Changing El Nino-Southern Oscillation in a warming climate

The El Nino-Southern Oscillation (ENSO) has global climatic implications, necessitating understanding of its observed and projected changes. This Review brings together knowledge of ENSO in a warming climate, revealing projected increases in ENSO magnitude, as well as ENSO-related rainfall and sea surface temperature variability. Originating in the equatorial Pacific, the El Nino-Southern Oscillation (ENSO) has highly consequential global impacts, motivating the need to understand its responses to anthropogenic warming. In this Review, we synthesize advances in observed and projected changes of multiple aspects of ENSO, including the processes behind such changes. As in previous syntheses, there is an inter-model consensus of an increase in future ENSO rainfall variability.

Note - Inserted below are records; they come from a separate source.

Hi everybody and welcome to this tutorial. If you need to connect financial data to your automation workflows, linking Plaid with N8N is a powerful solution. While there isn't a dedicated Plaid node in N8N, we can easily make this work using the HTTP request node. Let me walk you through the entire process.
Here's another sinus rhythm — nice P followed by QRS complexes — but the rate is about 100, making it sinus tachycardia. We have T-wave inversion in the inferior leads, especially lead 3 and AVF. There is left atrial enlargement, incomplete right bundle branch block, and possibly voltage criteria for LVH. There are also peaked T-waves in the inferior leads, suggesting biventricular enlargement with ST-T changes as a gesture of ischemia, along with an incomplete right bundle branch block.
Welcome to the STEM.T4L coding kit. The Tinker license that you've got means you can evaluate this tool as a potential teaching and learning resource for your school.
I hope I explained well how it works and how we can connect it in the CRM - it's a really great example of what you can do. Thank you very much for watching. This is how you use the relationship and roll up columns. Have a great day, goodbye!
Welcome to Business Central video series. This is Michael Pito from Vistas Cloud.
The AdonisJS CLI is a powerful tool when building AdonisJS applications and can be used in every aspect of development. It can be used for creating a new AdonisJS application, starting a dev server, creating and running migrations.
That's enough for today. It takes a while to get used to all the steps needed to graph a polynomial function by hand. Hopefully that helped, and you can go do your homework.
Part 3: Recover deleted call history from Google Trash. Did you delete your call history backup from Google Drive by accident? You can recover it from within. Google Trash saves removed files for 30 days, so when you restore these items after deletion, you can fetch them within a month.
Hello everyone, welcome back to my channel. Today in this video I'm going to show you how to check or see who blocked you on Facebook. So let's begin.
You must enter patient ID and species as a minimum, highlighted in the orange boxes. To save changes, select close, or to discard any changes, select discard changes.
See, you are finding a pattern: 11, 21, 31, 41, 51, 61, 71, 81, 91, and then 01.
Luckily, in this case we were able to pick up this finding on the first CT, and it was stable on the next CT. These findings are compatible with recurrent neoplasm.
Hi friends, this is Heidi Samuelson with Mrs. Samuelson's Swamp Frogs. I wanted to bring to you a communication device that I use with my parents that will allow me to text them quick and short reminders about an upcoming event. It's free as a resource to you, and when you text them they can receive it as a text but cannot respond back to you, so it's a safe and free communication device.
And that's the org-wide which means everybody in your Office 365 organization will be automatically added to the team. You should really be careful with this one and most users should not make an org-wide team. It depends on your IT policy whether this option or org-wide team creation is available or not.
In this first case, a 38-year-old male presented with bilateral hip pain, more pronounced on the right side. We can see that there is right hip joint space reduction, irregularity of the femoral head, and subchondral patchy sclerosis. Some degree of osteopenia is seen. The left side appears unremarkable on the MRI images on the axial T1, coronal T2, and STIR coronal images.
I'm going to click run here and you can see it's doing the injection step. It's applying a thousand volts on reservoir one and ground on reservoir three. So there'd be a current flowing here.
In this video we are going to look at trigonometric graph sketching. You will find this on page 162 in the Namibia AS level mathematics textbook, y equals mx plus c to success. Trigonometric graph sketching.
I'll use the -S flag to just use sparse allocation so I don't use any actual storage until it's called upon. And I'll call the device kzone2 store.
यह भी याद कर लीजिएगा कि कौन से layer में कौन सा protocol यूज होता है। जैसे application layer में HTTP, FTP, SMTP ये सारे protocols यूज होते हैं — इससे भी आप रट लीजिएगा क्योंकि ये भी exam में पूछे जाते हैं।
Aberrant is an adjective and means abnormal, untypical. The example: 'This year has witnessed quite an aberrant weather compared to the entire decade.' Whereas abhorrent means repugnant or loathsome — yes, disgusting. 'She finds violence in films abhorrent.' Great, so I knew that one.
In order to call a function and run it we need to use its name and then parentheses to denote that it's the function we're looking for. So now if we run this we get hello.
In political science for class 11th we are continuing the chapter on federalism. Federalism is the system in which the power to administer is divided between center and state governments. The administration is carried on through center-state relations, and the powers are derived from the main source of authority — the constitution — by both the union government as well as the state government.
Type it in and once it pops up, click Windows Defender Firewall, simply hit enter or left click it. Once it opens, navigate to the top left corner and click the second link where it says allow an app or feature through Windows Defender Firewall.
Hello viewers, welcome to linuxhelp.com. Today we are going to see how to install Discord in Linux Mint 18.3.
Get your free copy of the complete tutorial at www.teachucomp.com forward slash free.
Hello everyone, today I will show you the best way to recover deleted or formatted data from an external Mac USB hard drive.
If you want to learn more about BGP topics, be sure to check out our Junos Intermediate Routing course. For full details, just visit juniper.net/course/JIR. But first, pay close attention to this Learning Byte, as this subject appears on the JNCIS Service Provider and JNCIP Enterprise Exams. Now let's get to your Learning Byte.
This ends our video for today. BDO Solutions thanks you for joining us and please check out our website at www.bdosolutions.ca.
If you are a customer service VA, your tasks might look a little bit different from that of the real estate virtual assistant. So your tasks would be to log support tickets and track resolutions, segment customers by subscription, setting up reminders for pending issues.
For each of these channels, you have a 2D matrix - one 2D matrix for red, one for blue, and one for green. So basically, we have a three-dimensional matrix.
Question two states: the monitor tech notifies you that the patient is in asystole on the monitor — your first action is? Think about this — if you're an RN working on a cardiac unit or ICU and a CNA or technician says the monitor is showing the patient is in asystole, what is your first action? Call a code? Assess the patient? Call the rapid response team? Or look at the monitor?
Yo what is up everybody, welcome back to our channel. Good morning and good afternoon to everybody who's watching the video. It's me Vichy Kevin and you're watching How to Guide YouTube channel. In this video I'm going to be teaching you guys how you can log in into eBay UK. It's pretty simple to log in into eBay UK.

Now, however, it is apparent that models that best capture key ENSO dynamics also tend to project an increase in future ENSO sea surface temperature variability and, thereby, ENSO magnitude under greenhouse warming, as well as an eastward shift and intensification of ENSO-related atmospheric teleconnections - the Pacific-North American and Pacific-South American patterns. Such projected changes are consistent with palaeoclimate evidence of stronger ENSO variability since the 1950s compared with past centuries. The increase in ENSO variability, though underpinned by increased equatorial Pacific upper-ocean stratification, is strongly influenced by internal variability, raising issues about its quantifiability and detectability. Yet, ongoing coordinated community efforts and computational advances are enabling long-simulation, large-ensemble experiments and high-resolution modelling, offering encouraging prospects for alleviating model biases, incorporating fundamental dynamical processes and reducing uncertainties in projections.

Automated summary

This review discusses the global climatic implications of El Nino-Southern Oscillation (ENSO) and highlights projected increases in ENSO magnitude, rainfall, and sea surface temperature variability under anthropogenic warming. It also emphasizes the importance of understanding ENSO dynamics and highlights advancements in modeling and simulations to reduce uncertainties in future projections.